● **What needs to be done**: Please print exactly the lines from the line containing "product front view" through the end of the data, no more, and keep pictures out of the copy.

● **Input data**:
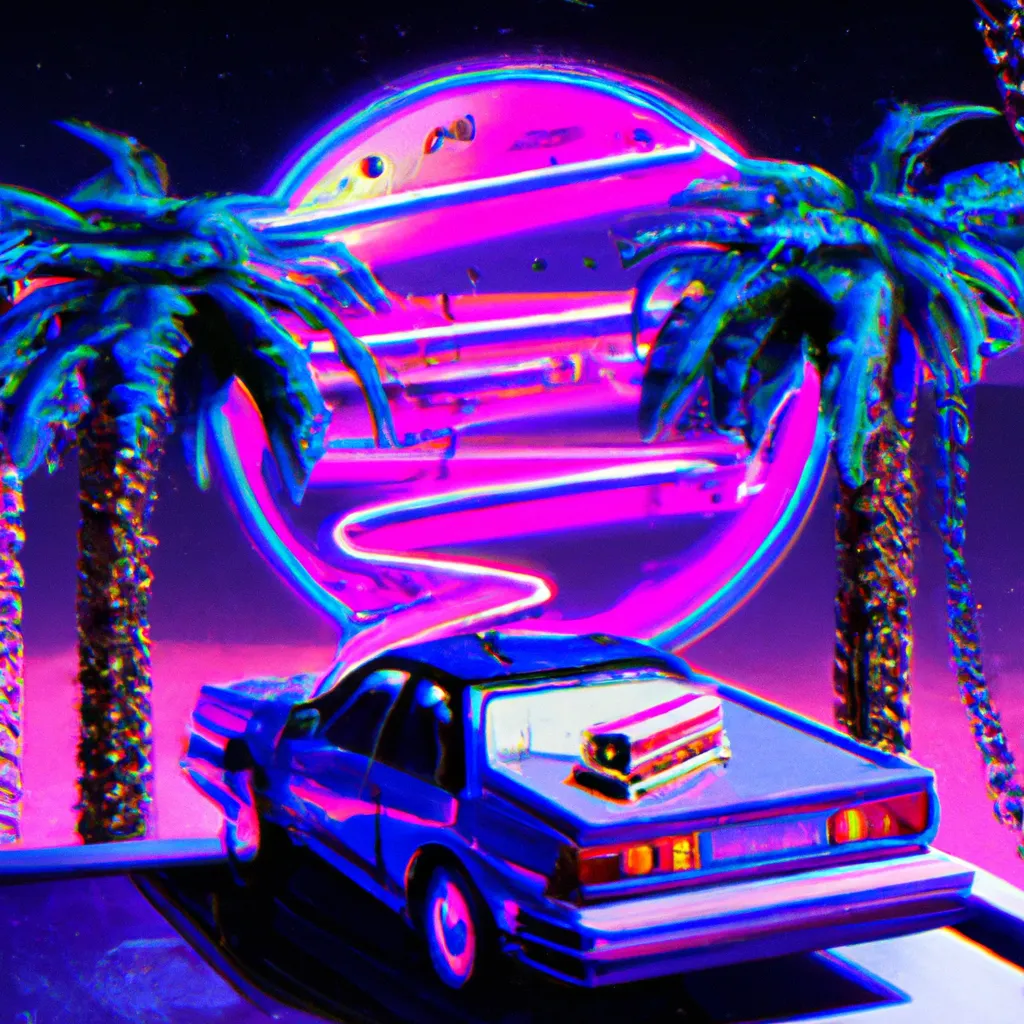 Prompt: Maximalism cake, outrun, retrowave, synthwave, vaporwave, digital art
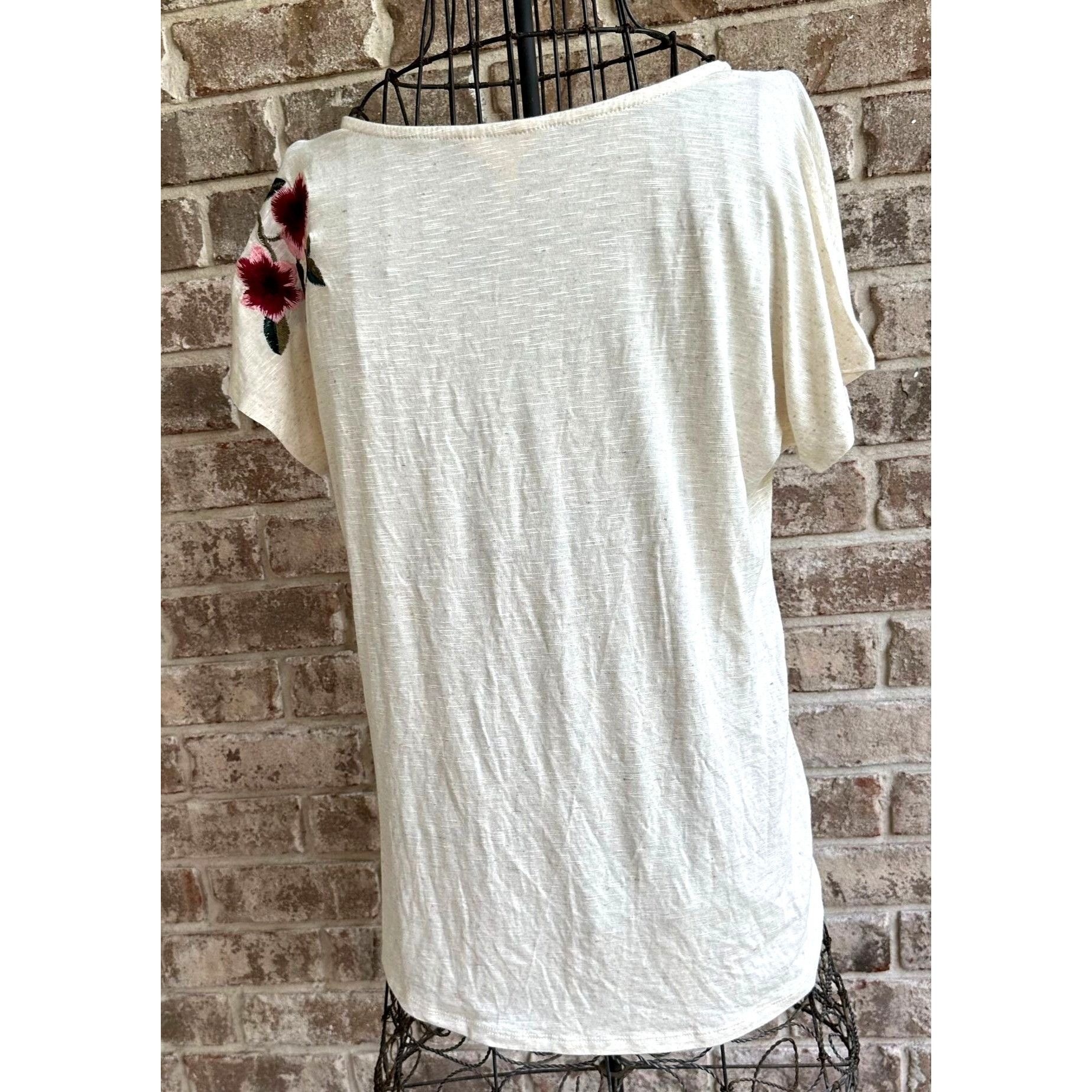 Other Adiva Embroidered Top Medium Cream Textured Floral Size M / US 6-8 / IT 42-44 - 8 Thumbnail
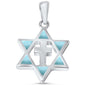 Natural Larimar Star of David with Cross .925 Sterling Silver Pendant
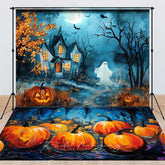 Lofaris Haunted House with Cute Ghost Combo Set Backdrop Spooky Pumpkin Patch Floor Kids Halloween Party Photos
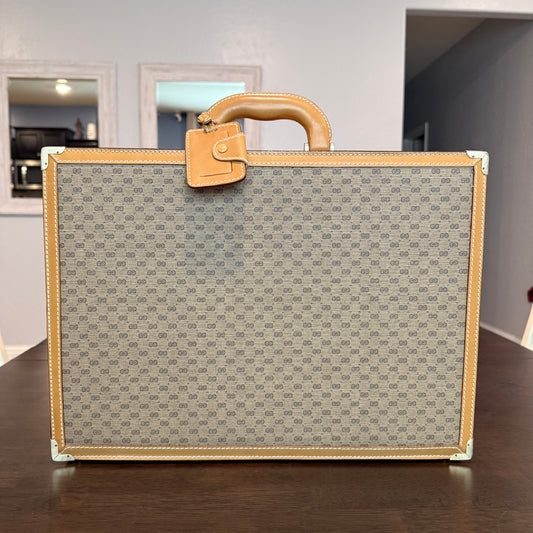 Beige/Brown Micro GG Hard Briefcase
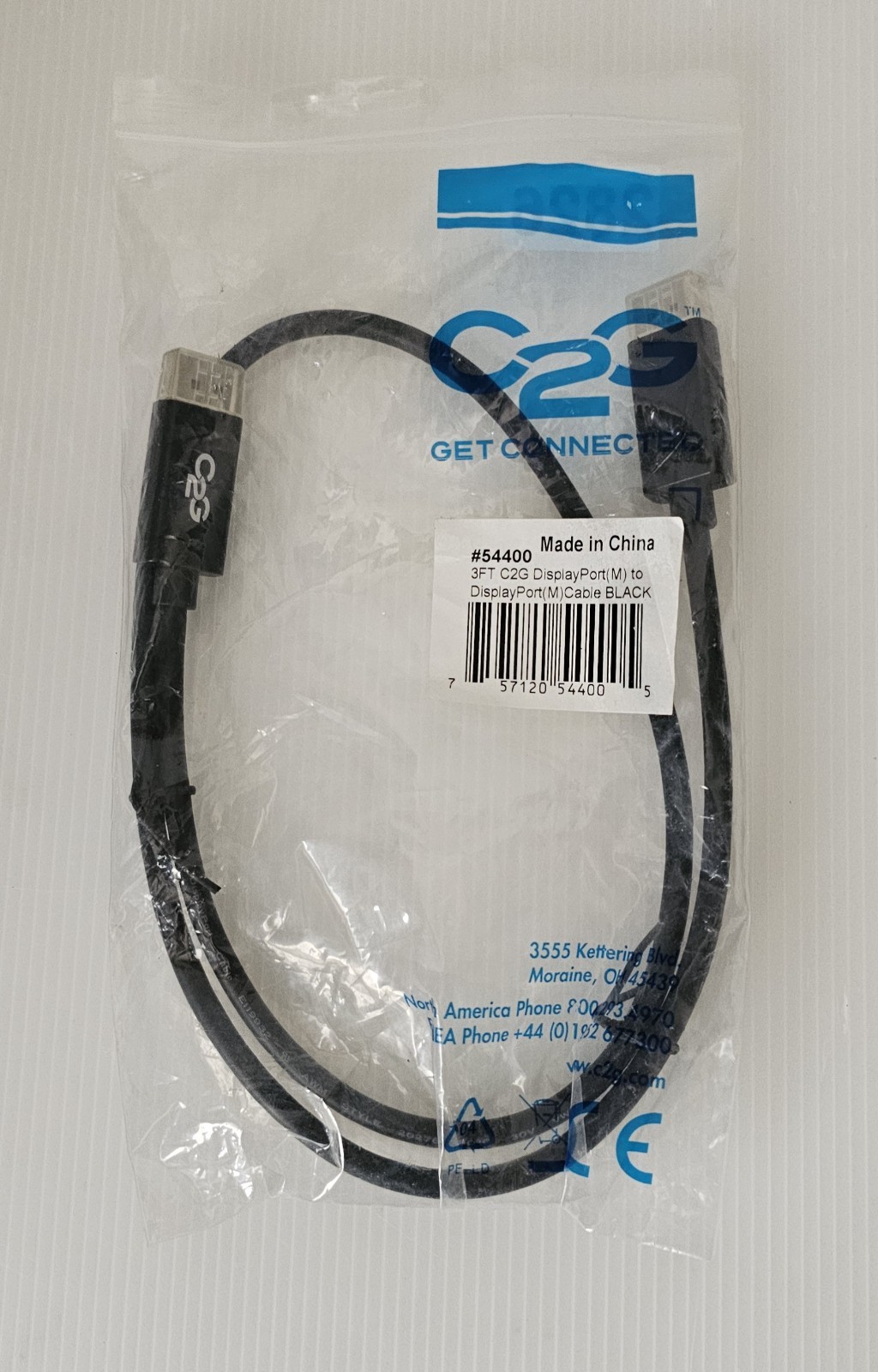New C2G DisplayPort (M) to DisplayPort (M) 3 ft.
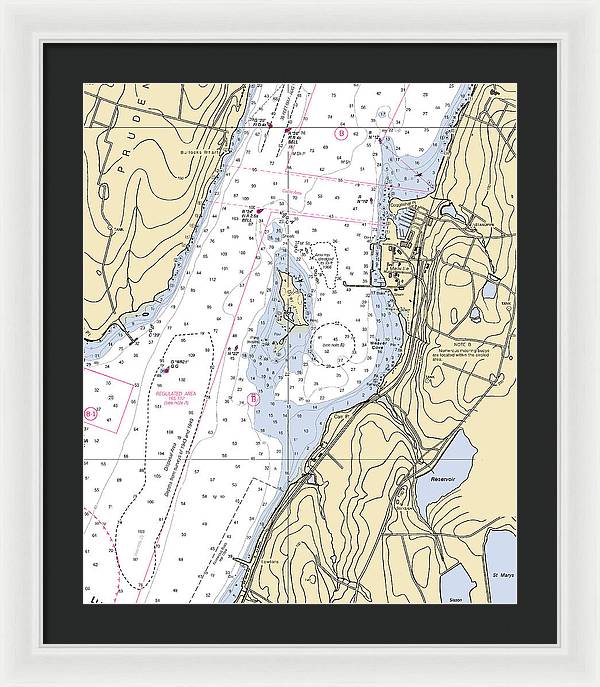 Melville-rhode Island Nautical Chart - Framed Print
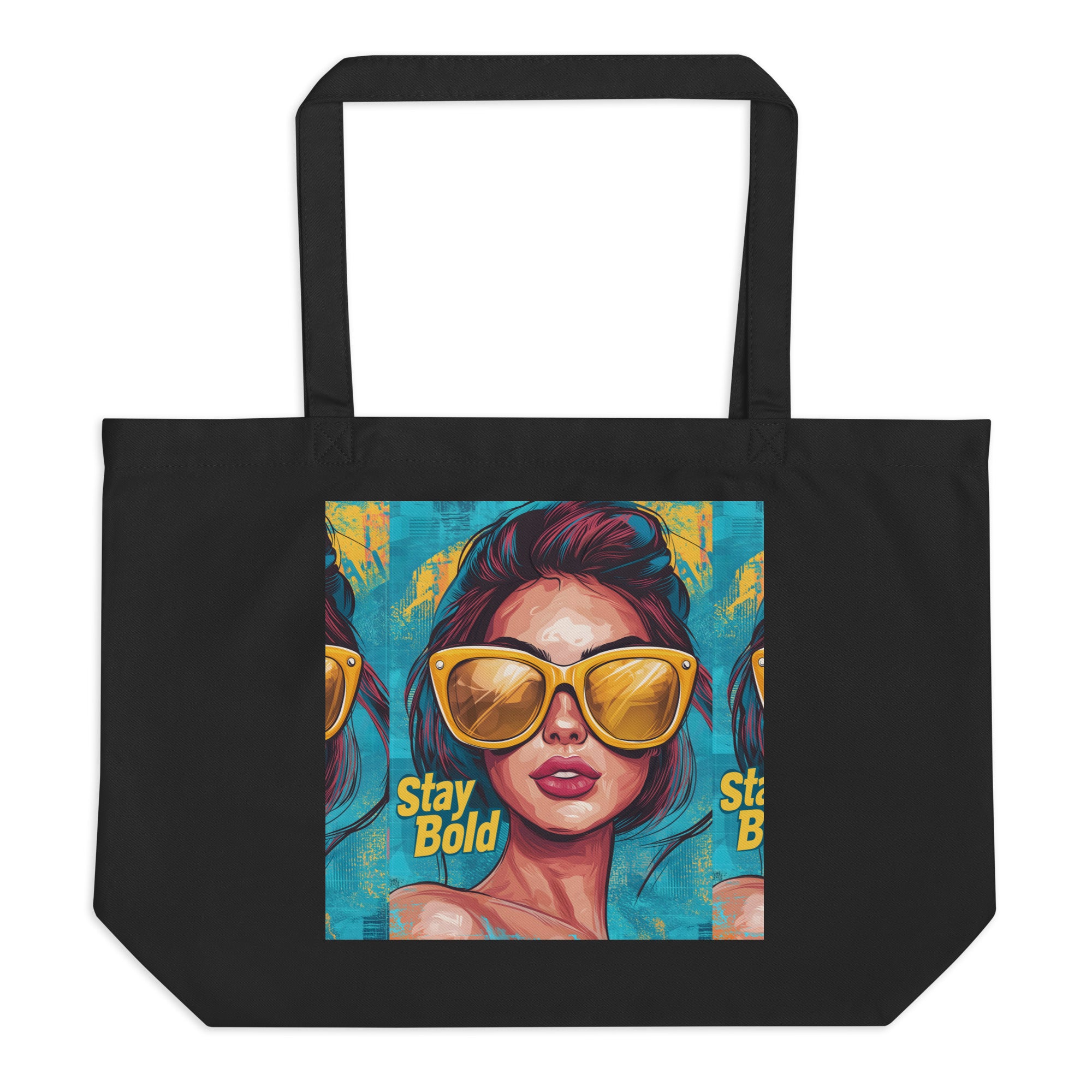 product front view black tote bag stay bold pop art woman graphic design streetwear fashion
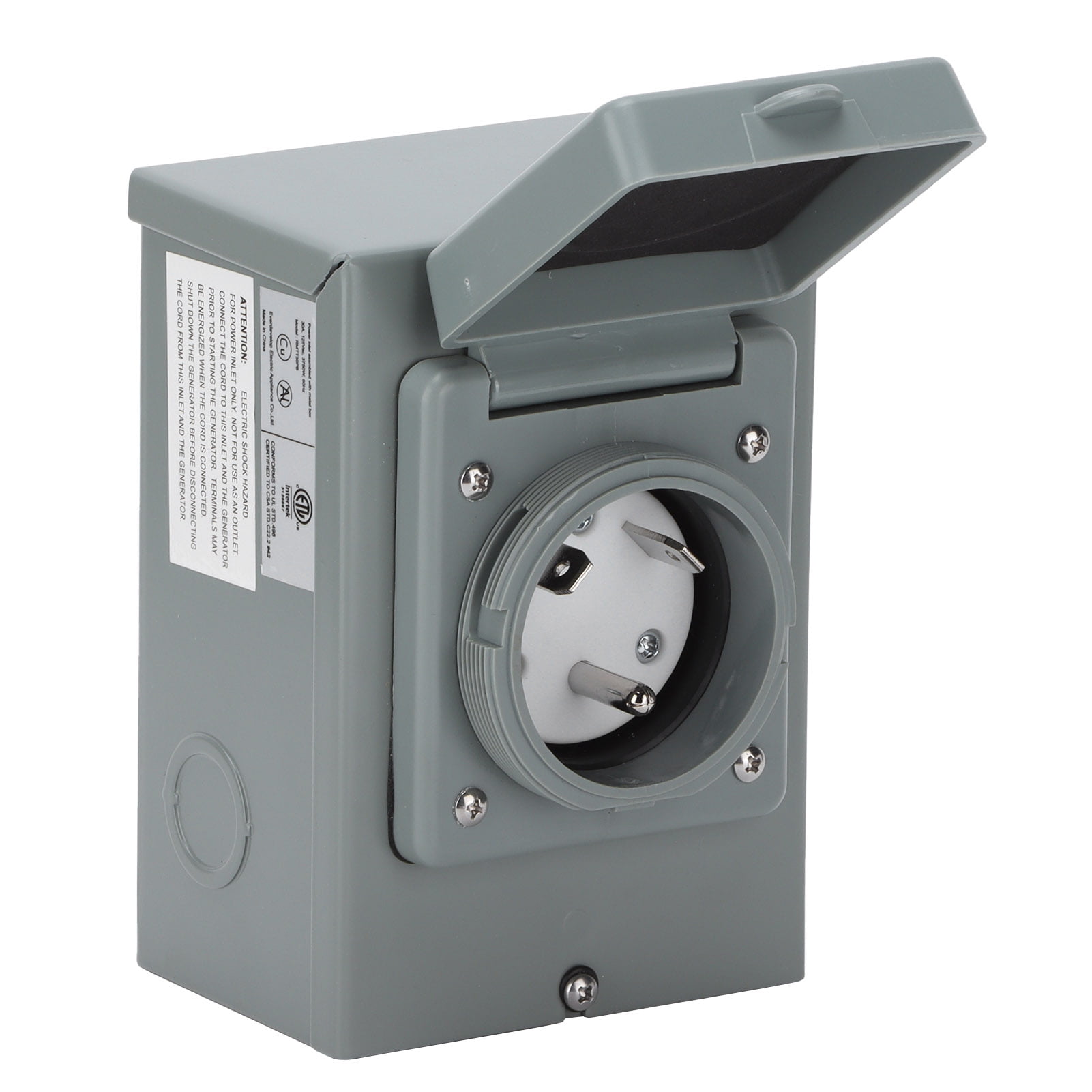 Generator Power Box Falleo Clearance 30A Generator Power Inlet Box 125V 3750W Outdoor ...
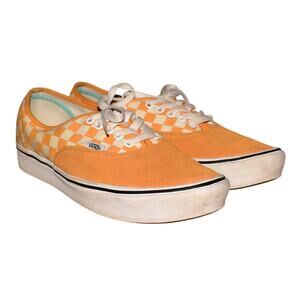 VANS‎ $80 Comfy Cush Orange Checker Suede Classic Skate Shoe M 9 / W 10.5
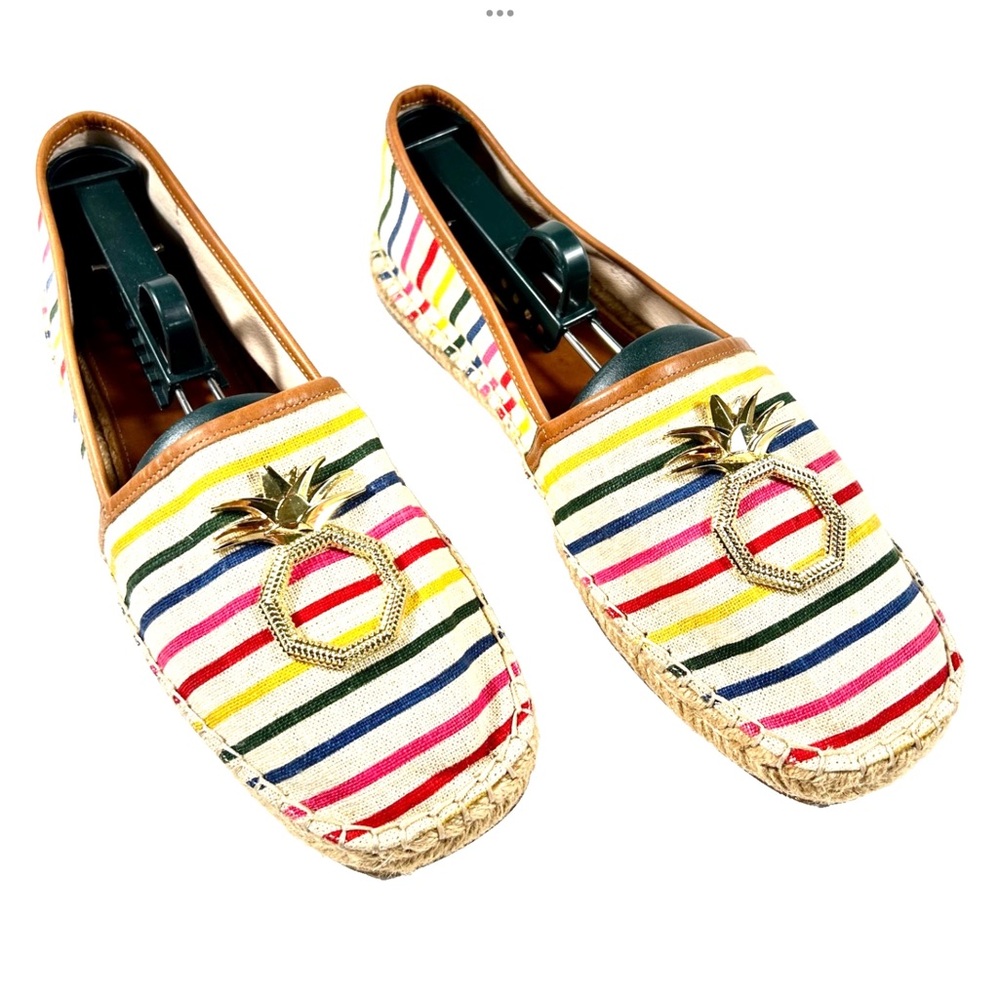 Louise Et Cie Adige Rainbow Striped Pineapple Espadrille Jute Slip On Flats 10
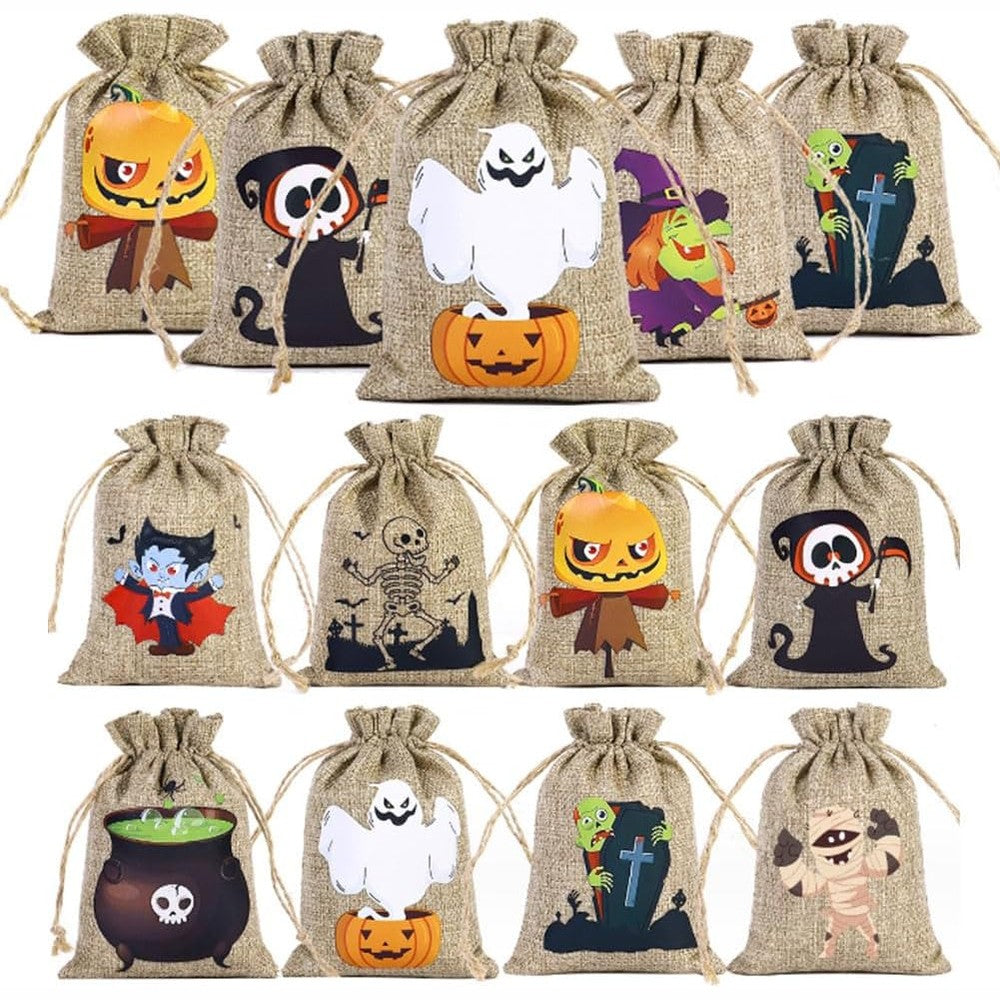 318078 - Set Çantash prej Liri me 24 Pjesë, çanta dhuratash për Halloween, çanta ruajtjeje.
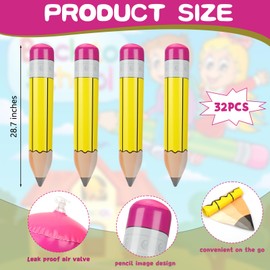 32 Pieces Giant Inflatable Pencil Balloons 28.7 Inch Jumbo Blow Up Pencils Funny Hanging Classroom Decoration for Back to School, Graduation, Photo Props, Birthdays Party Decorations, Yellow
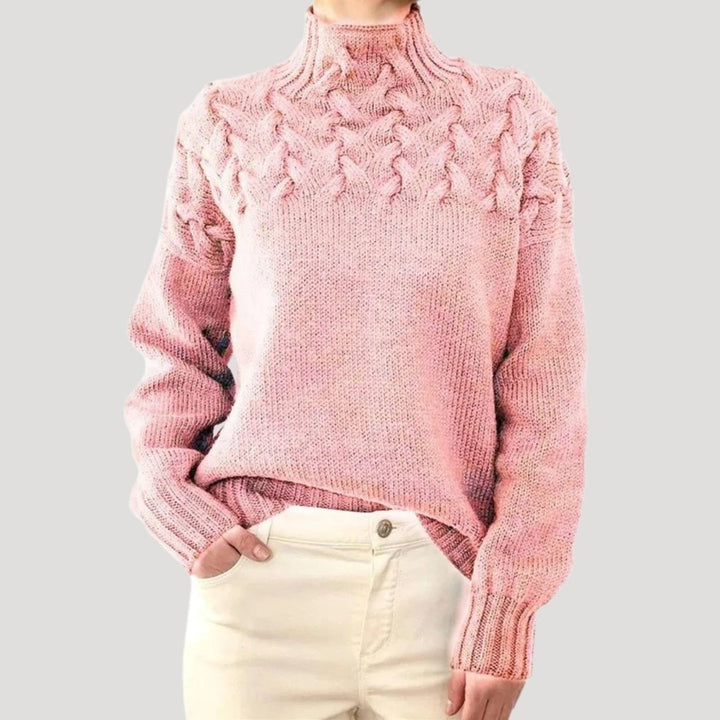 Mia | Lässiger Und Eleganter Zopfstrick-Rollkragenpullover Für Damen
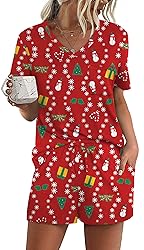 RUBZOOF Christmas Pajamas for Women Shorts Set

● **Written response**:
 product front view black tote bag stay bold pop art woman graphic design streetwear fashion
 Generator Power Box Falleo Clearance 30A Generator Power Inlet Box 125V 3750W Outdoor ...
 VANS‎ $80 Comfy Cush Orange Checker Suede Classic Skate Shoe M 9 / W 10.5
 Louise Et Cie Adige Rainbow Striped Pineapple Espadrille Jute Slip On Flats 10
 318078 - Set Çantash prej Liri me 24 Pjesë, çanta dhuratash për Halloween, çanta ruajtjeje.
 32 Pieces Giant Inflatable Pencil Balloons 28.7 Inch Jumbo Blow Up Pencils Funny Hanging Classroom Decoration for Back to School, Graduation, Photo Props, Birthdays Party Decorations, Yellow
 Mia | Lässiger Und Eleganter Zopfstrick-Rollkragenpullover Für Damen
 RUBZOOF Christmas Pajamas for Women Shorts Set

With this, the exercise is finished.